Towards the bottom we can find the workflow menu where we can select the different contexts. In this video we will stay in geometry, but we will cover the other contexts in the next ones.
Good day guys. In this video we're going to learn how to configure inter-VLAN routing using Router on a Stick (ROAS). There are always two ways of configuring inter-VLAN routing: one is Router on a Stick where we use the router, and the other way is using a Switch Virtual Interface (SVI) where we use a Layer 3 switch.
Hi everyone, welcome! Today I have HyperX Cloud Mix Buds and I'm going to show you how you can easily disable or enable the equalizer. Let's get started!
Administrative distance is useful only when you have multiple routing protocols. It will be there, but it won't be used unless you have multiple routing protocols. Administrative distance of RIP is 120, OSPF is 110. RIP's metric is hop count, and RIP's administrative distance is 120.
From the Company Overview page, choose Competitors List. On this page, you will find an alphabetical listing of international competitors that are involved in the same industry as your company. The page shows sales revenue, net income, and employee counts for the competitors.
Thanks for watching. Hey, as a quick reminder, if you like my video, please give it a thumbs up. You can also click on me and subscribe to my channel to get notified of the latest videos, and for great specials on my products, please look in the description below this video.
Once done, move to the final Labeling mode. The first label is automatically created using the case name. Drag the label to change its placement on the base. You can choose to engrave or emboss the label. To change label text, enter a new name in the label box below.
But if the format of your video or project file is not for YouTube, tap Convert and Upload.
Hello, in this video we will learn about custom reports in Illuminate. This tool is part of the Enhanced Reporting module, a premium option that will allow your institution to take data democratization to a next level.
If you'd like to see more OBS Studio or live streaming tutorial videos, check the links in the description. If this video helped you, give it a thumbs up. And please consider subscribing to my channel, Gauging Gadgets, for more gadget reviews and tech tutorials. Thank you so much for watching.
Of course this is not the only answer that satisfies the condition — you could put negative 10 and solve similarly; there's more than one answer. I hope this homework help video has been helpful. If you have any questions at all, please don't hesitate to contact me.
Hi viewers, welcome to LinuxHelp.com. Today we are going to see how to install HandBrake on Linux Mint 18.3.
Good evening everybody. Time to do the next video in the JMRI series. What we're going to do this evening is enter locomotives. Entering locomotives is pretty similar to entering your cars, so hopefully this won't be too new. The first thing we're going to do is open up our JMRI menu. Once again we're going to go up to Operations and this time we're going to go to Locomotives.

What to work on » In the data above, start at the line that has "Hi everyone, welcome!", stop after the line that has "Administrative distance is useful", and print every line in between exactly as it stands.

Answer to the exercise »
Hi everyone, welcome! Today I have HyperX Cloud Mix Buds and I'm going to show you how you can easily disable or enable the equalizer. Let's get started!
Administrative distance is useful only when you have multiple routing protocols. It will be there, but it won't be used unless you have multiple routing protocols. Administrative distance of RIP is 120, OSPF is 110. RIP's metric is hop count, and RIP's administrative distance is 120.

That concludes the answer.